* **Task to complete**:
Copy exactly the lines of the records below, and only those lines, beginning with the line that contains "Not including experienced" and ending with the line that contains "AUDI Q5 SQ5 R19 zimni alu sada 235/55/19".

* **Recorded information**:

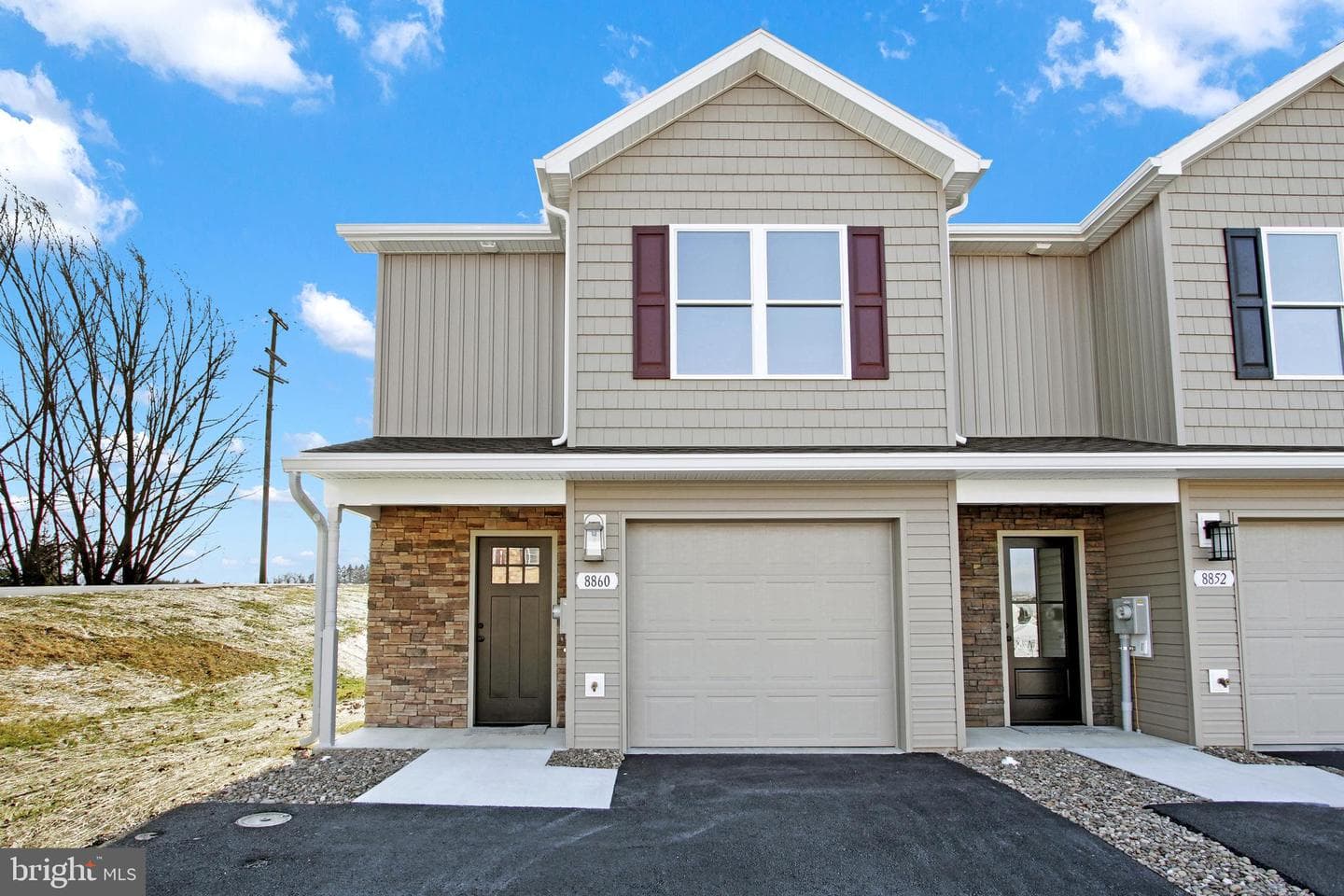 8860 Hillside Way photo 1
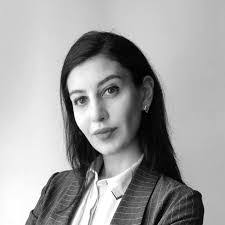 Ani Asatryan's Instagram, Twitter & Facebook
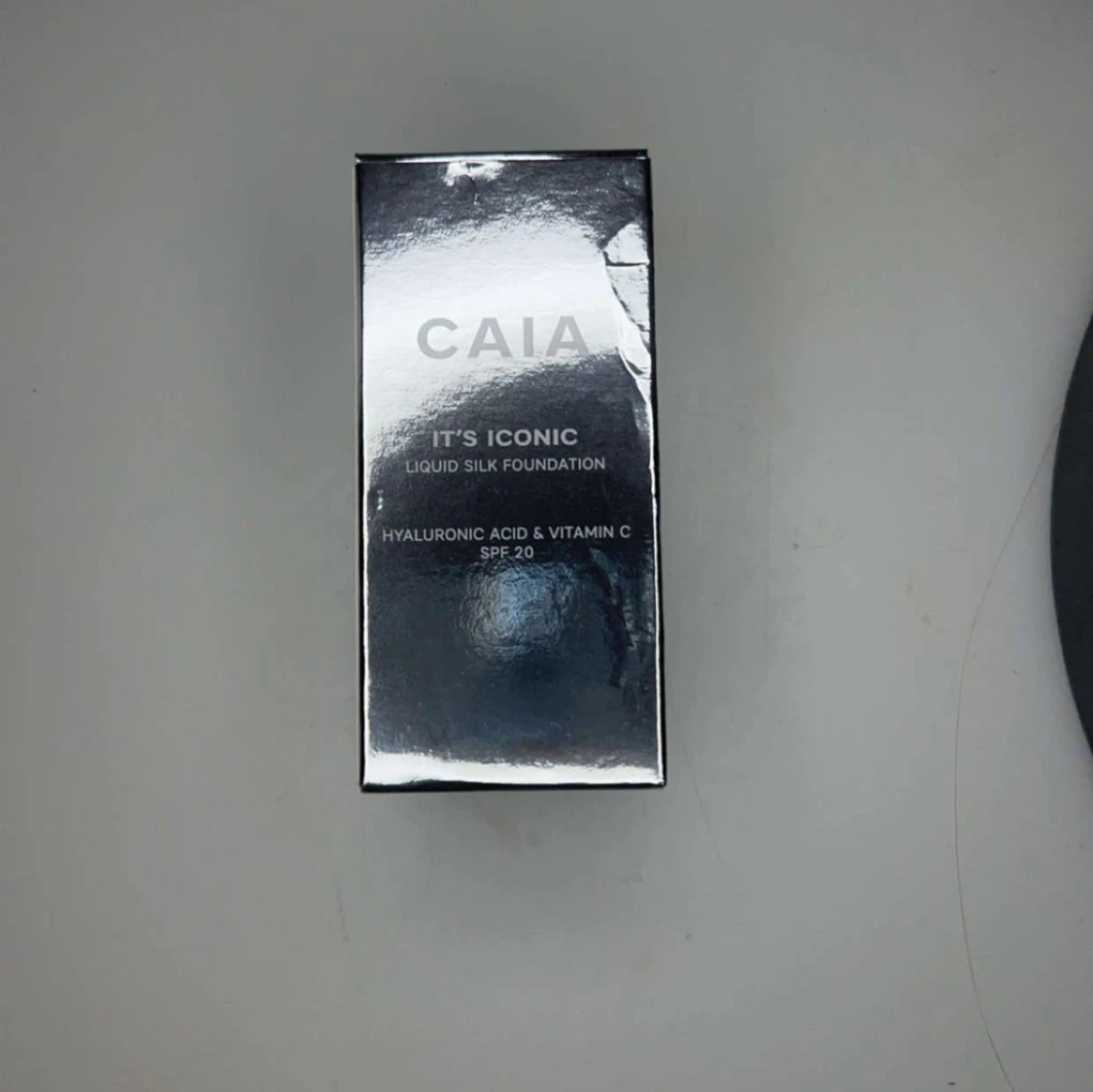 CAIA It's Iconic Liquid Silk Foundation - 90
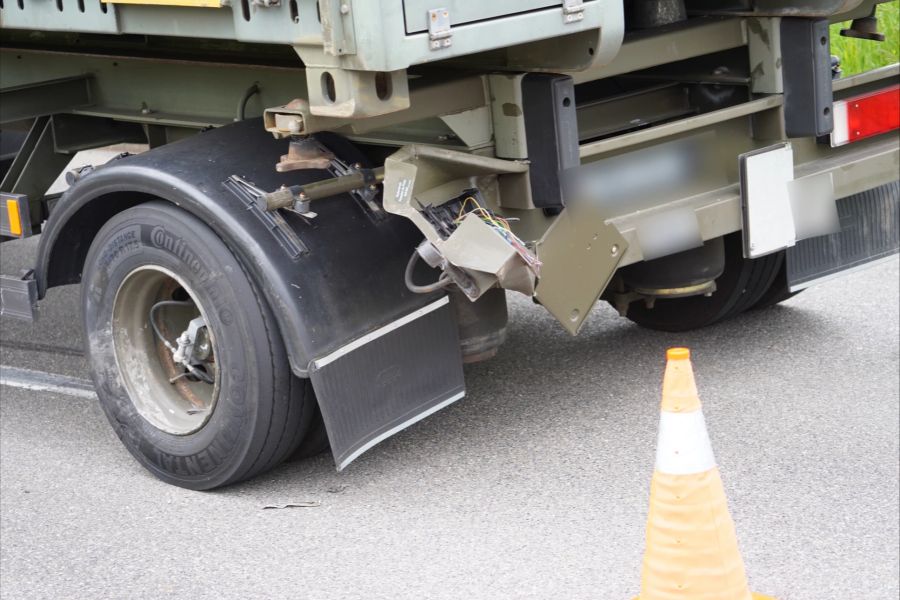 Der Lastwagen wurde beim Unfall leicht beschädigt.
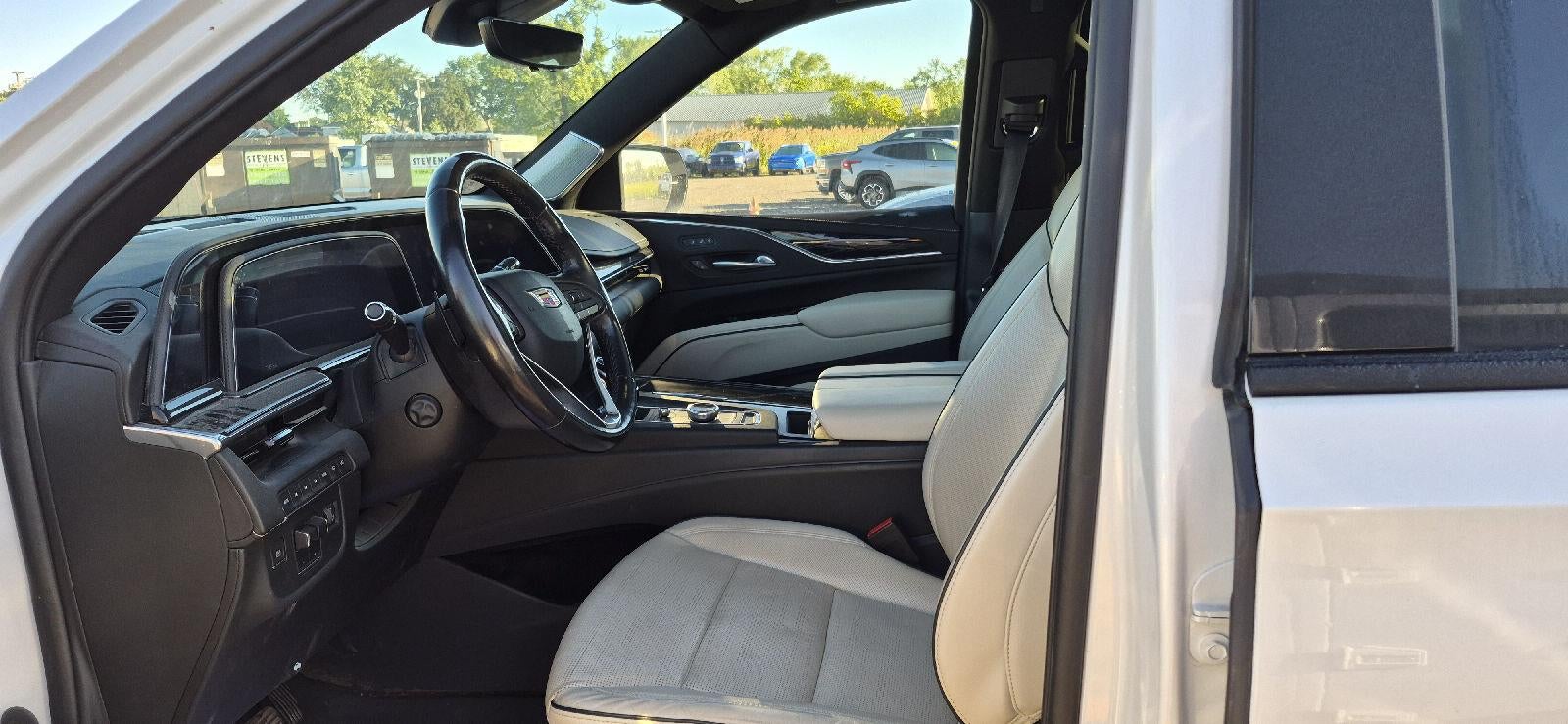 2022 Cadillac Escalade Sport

...

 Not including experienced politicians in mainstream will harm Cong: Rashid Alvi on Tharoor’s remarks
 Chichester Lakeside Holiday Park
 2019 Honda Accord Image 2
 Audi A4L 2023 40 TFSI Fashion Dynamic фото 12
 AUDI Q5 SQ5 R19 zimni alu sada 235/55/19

--

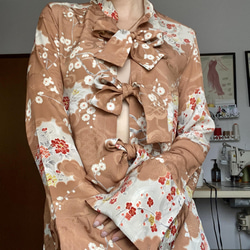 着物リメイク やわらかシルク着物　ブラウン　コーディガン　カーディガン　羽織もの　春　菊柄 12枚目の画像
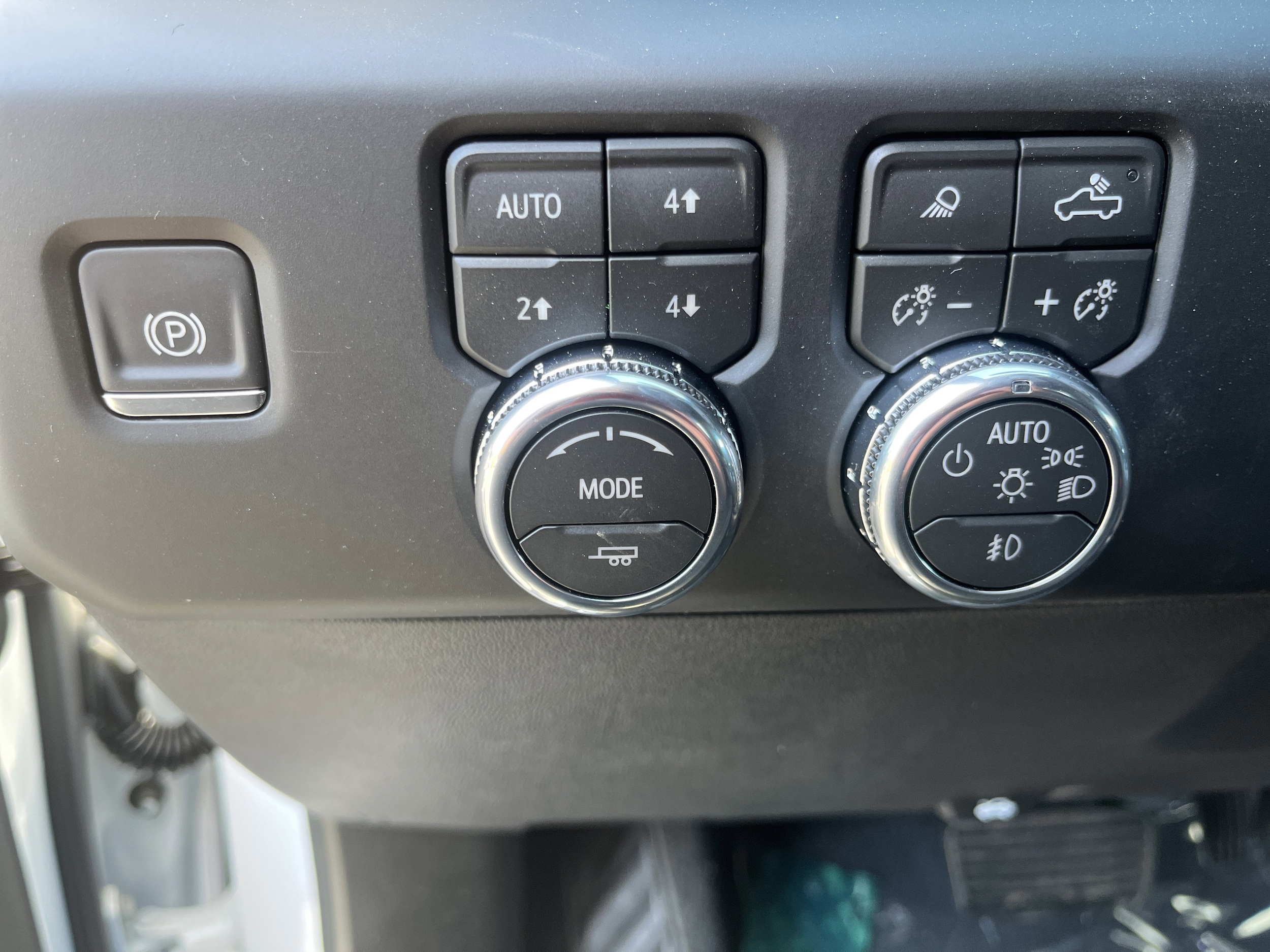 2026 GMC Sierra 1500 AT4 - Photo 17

* **Problem solution**:
 Not including experienced politicians in mainstream will harm Cong: Rashid Alvi on Tharoor’s remarks
 Chichester Lakeside Holiday Park
 2019 Honda Accord Image 2
 Audi A4L 2023 40 TFSI Fashion Dynamic фото 12
 AUDI Q5 SQ5 R19 zimni alu sada 235/55/19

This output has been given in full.